Periagoge
Concept
1 min read

Seasons of Reversal

Understanding seasonal cycles not as progression but as perpetual reversals that teach the constant death-and-birth rhythm underlying all existence.

Nas
Why It Matters

Western thinking frames seasons as progress: spring is growth, summer is fulfillment, fall is decline, winter is death. The Hodja, rooted in cyclical Eastern wisdom, sees them differently—as perpetual reversals where opposites contain each other.

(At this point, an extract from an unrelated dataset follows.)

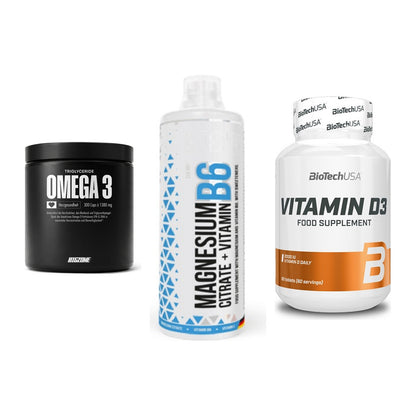 Herz & Gefäße: Big Zone Omega 3 + MST Magnesium B6 + BioTech Vitamin – alle enthaltenen Artikel
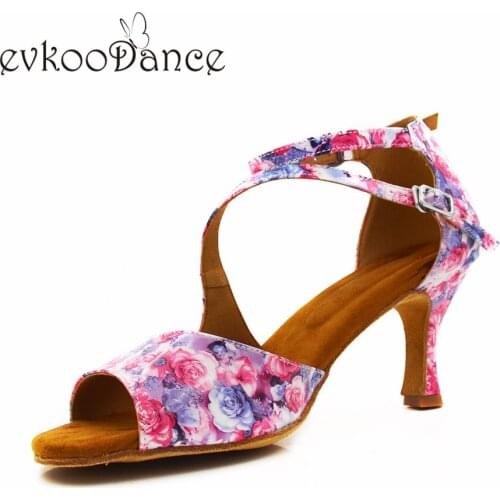 Evkoodance Size US4-12 latin dance shoes flower pu Professional heel height 7cm Women Shoes Evkoo-621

In spring's growth lives the seed's breaking; in summer's abundance hides the plant's depletion; fall's death births new soil; winter's darkness holds spring's potential. This is not mere poetic observation but lived bodily knowledge. The Daoist gardener learns that working against seasonal reversal—trying to force spring growth in fall, resisting winter's dormancy—creates suffering. Instead, each season's apparent reversal of the last teaches a deeper truth: nothing permanently succeeds or fails, all motion contains counter-motion, life and death are not opposites but partners in constant exchange. This practice involves literally moving through seasons without resistance, observing how your own energy reverses with them, and noticing how every ending contains a beginning. By accepting the seasonal reversals rather than viewing them as setbacks, we align with the Daoist understanding that the universe operates through perpetual transformation, not linear progress.